In sponsored search, a number of advertising slots is available on a search results page, and have to be allocated among a set of advertisers competing to display an ad on the page. This gives rise to a bipartite matching market that is typically cleared by the way of an automated auction. Several auction mechanisms have been proposed, with variants of the Generalized Second Price (GSP) being widely used in practice.
There is a rich body of work on bipartite matching markets that builds upon the stable marriage model of Gale and Shapley and the assignment model of Shapley and Shubik. This line of research offers deep insights into the structure of stable outcomes in such markets and their incentive properties.
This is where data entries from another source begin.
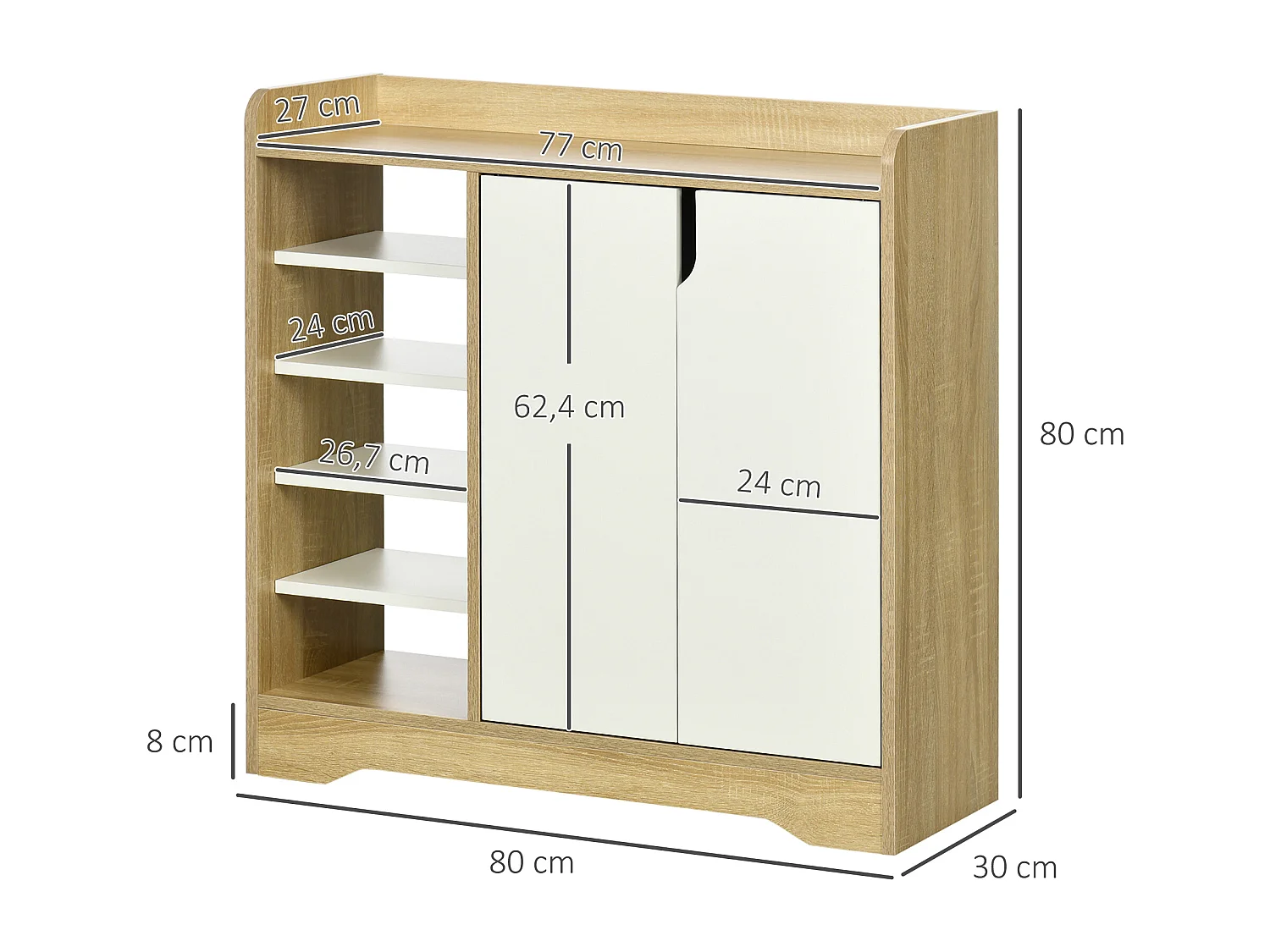 Armario de zapatos madera natural y blanco 80x30x80 cm HOMCOM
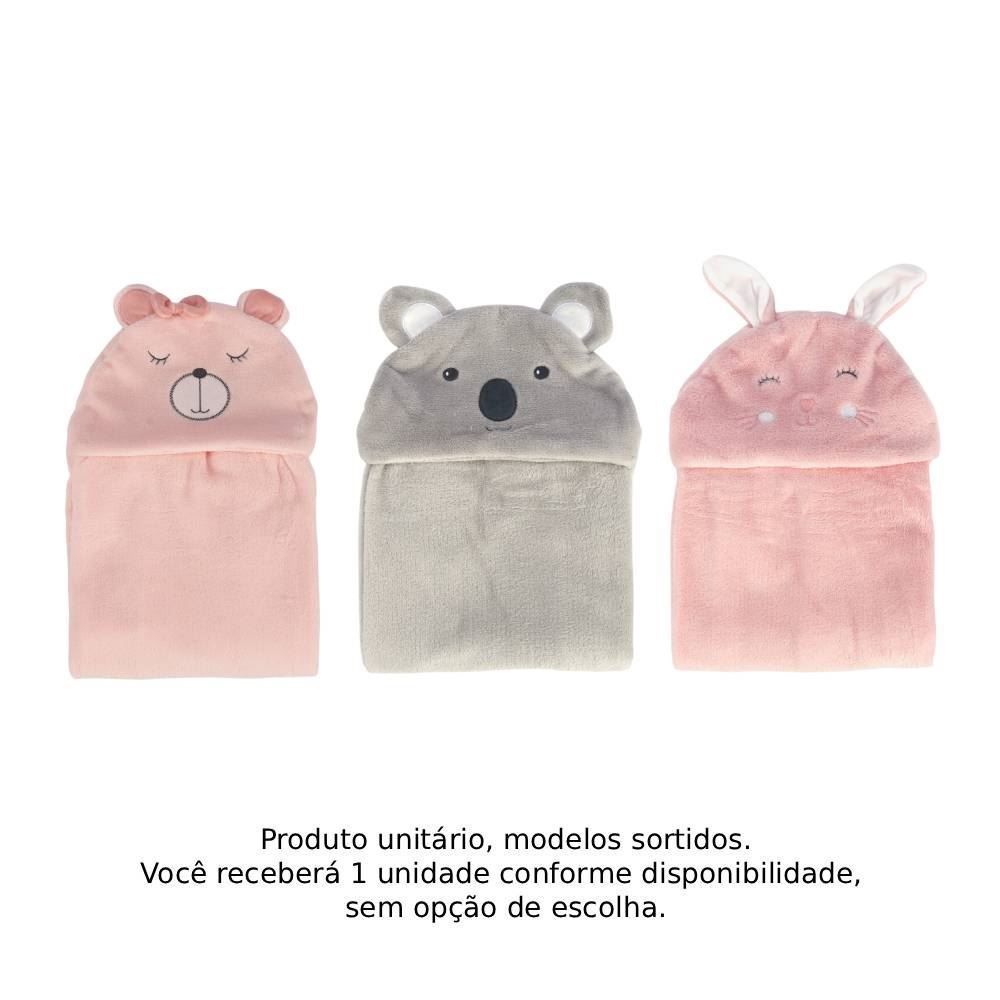 Manta de Bebê com Capuz de Bichinhos 75X100cm Camesa Baby - Sortido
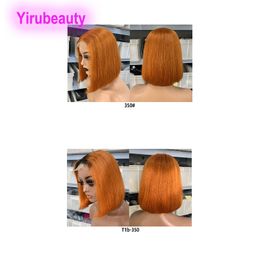 350# Orange Farbe Brasilianisches menschliches Haar 1B/350 OMBRE-Farbe 4x4 Spitzenbob-Perücke gerade mittlerer Teil 150% Dichte 10-16 Zoll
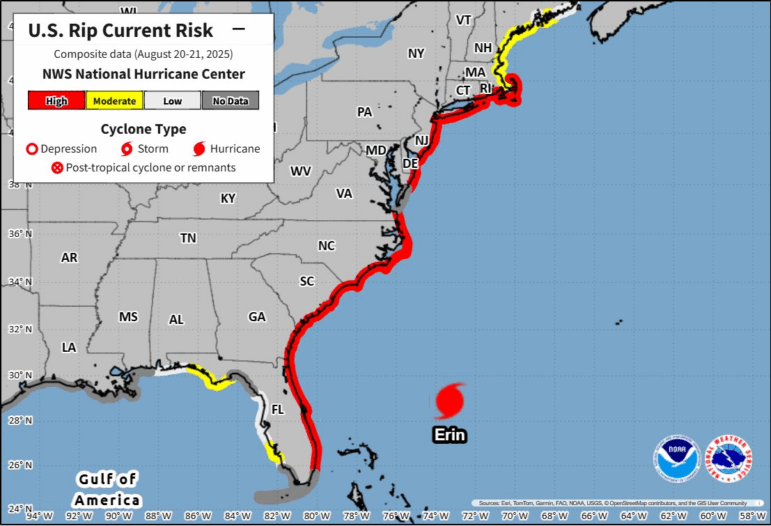 A map from the National Hurricane Center shows a high risk of rip currents on Wednesday from Florida to Massachusetts.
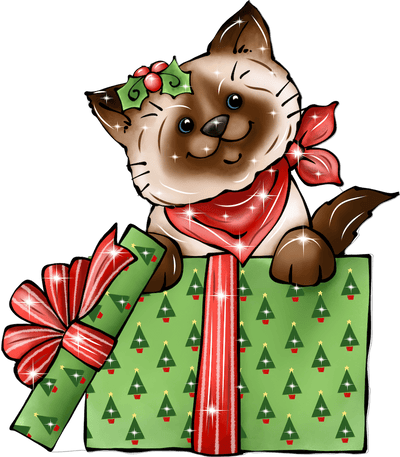 Christmas Smiling Kitty in Christmas box Yard Art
In this paper, we model advertising auctions in terms of an assignment model with linear utilities, extended with bidder and item specific maximum and minimum prices. Auction mechanisms like the commonly used GSP or the well-known Vickrey-Clarke-Groves (VCG) can be interpreted as simply computing a bidder-optimal stable matching in this model, for a suitably defined set of bidder preferences, but our model includes much richer bidders and preferences. We prove that in our model the existence of a stable matching is guaranteed, and under a non-degeneracy assumption a bidder-optimal stable matching exists as well. We give an algorithm to find such matching in polynomial time, and use it to design truthful mechanism that generalizes GSP, is truthful for profit-maximizing bidders, correctly implements features like bidder-specific minimum prices and position-specific bids, and works for rich mixtures of bidders and preferences. Our main technical contributions are the existence of bidder-optimal matchings and strategyproofness of the resulting mechanism, and are proved by induction on the progress of the matching algorithm.